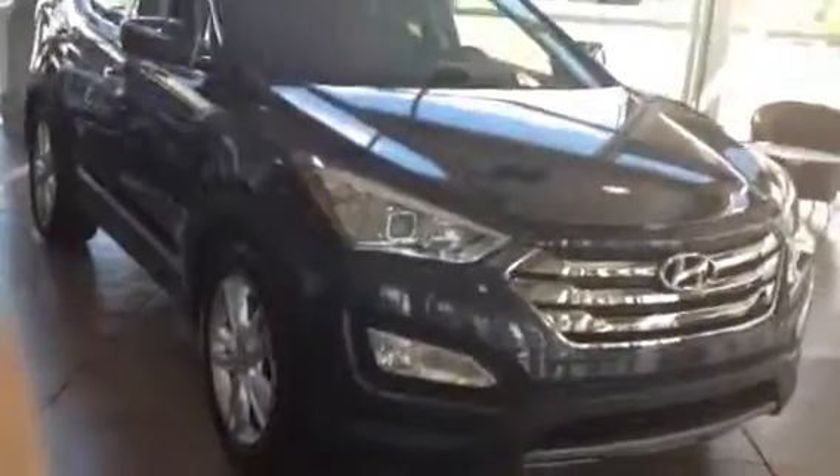Hi, I'm John Olson at Schofield Hyundai. This is a video I told you I'd send you on the Santa Fe, and this is it right here.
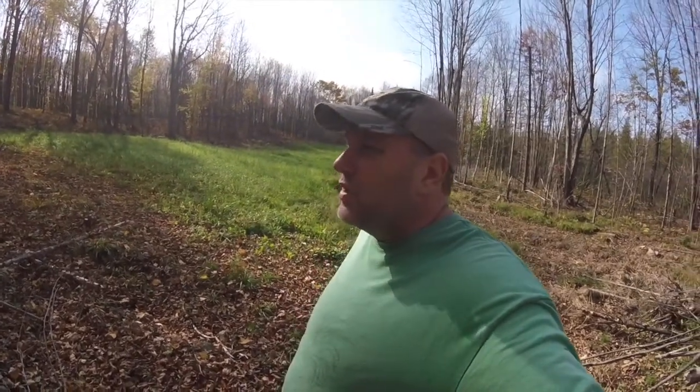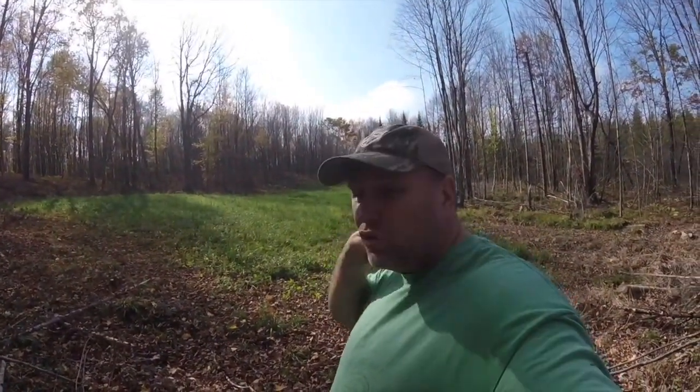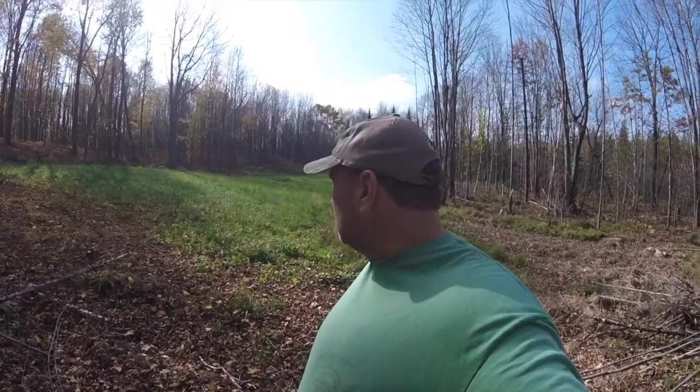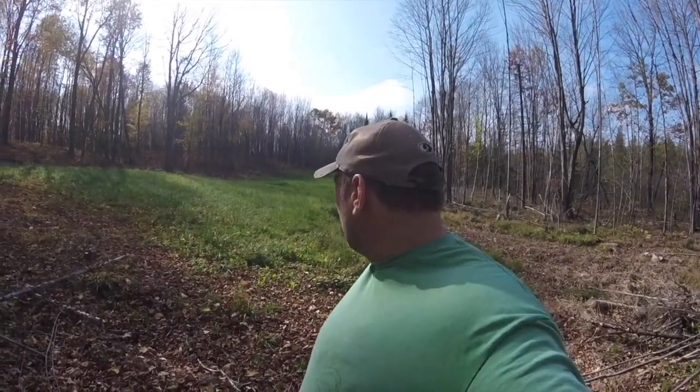Welcome to check out this food plot. I'm disappointed — there's a bunch of rye grass in here, and I don't want that at all. It came up and killed everything else. There's some clover and brassicas in there, but the rye grass was really pretty bad.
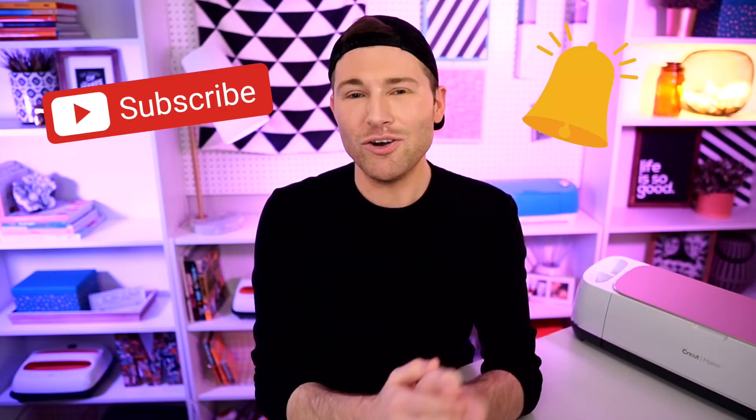If you liked today's episode or if you learned something new, it would mean the world to us and help us out so much here on YouTube if you took just two seconds to hit that like button and drop a comment down below. Also, if you're new to the Design Bundles YouTube channel, consider hitting that subscribe button and ringing that little bell for all notifications, because they put out new crafty content just about every single day. Thank you all so much for watching — it truly means the absolute world to me, and until next time, stay crafty.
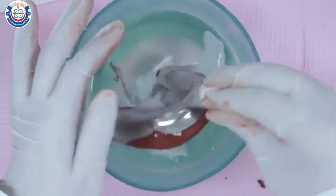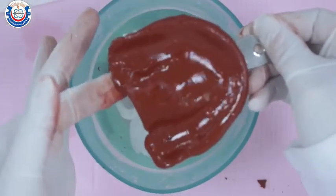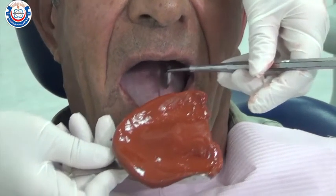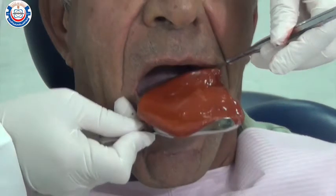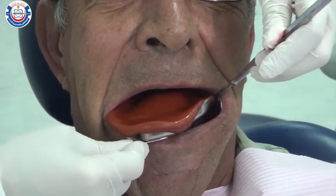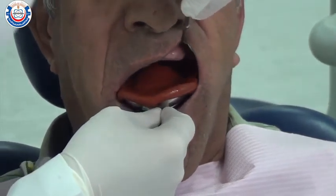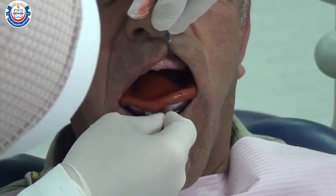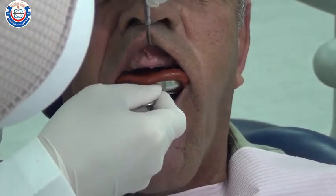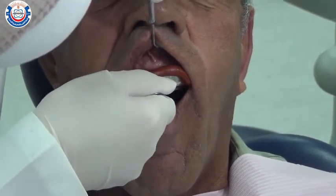Reheat the material one last time before introducing it to the patient's mouth. Stand behind the patient. Use a mirror with your non-dominant hand to retract the cheek and use the tray itself to retract the cheek on the other side. Rotate the tray gently into the patient's mouth and seat it posteriorly, distal to the maxillary tuberosities. Retract the upper lip with the mirror to provide visibility. Once the tray is centered over the ridge, push it gently until the impression is seated correctly.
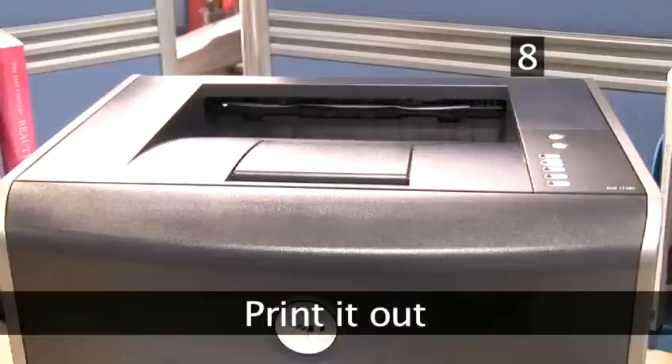Step 8: Print it out. If you've named, numbered, spell-checked, and double-checked your work, it's time to print it out, ready to send to the professionals.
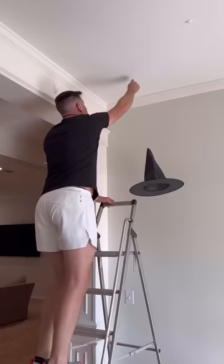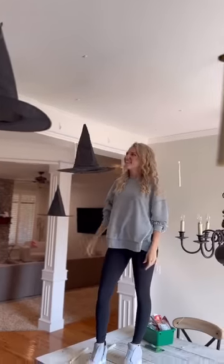Then you're going to tie a little loop knot into the other end and you can hang it onto command hooks that you put on your ceiling. It's so magical and perfect for Halloween.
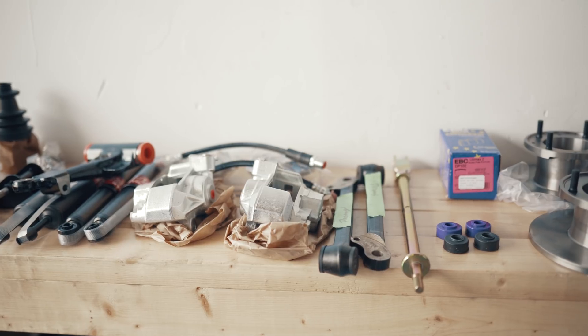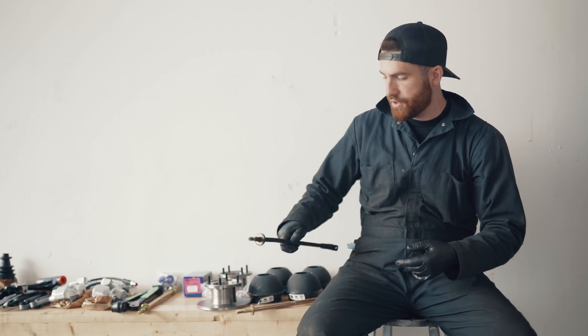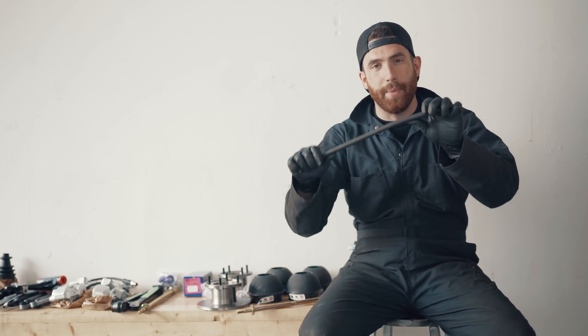We're amidst working on this Mark 2, doing a complete suspension overhaul, and when we were pulling the parts off we noticed this — which is a really common MINI issue. This is the TC rod, the tie rod, and as you can see it's bent. These from the factory are pretty weak, and if it's in a slight collision, if you hit a curb, or even if you raise the car on jacks with improper technique, you can actually bend these tie rods.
------------------------------------------------------------------------
Output all the entries above verbatim, please. No images.

*Answer space*
Hi, I'm John Olson at Schofield Hyundai. This is a video I told you I'd send you on the Santa Fe, and this is it right here.
Welcome to check out this food plot. I'm disappointed — there's a bunch of rye grass in here, and I don't want that at all. It came up and killed everything else. There's some clover and brassicas in there, but the rye grass was really pretty bad.
If you liked today's episode or if you learned something new, it would mean the world to us and help us out so much here on YouTube if you took just two seconds to hit that like button and drop a comment down below. Also, if you're new to the Design Bundles YouTube channel, consider hitting that subscribe button and ringing that little bell for all notifications, because they put out new crafty content just about every single day. Thank you all so much for watching — it truly means the absolute world to me, and until next time, stay crafty.
Reheat the material one last time before introducing it to the patient's mouth. Stand behind the patient. Use a mirror with your non-dominant hand to retract the cheek and use the tray itself to retract the cheek on the other side. Rotate the tray gently into the patient's mouth and seat it posteriorly, distal to the maxillary tuberosities. Retract the upper lip with the mirror to provide visibility. Once the tray is centered over the ridge, push it gently until the impression is seated correctly.
Step 8: Print it out. If you've named, numbered, spell-checked, and double-checked your work, it's time to print it out, ready to send to the professionals.
Then you're going to tie a little loop knot into the other end and you can hang it onto command hooks that you put on your ceiling. It's so magical and perfect for Halloween.
We're amidst working on this Mark 2, doing a complete suspension overhaul, and when we were pulling the parts off we noticed this — which is a really common MINI issue. This is the TC rod, the tie rod, and as you can see it's bent. These from the factory are pretty weak, and if it's in a slight collision, if you hit a curb, or even if you raise the car on jacks with improper technique, you can actually bend these tie rods.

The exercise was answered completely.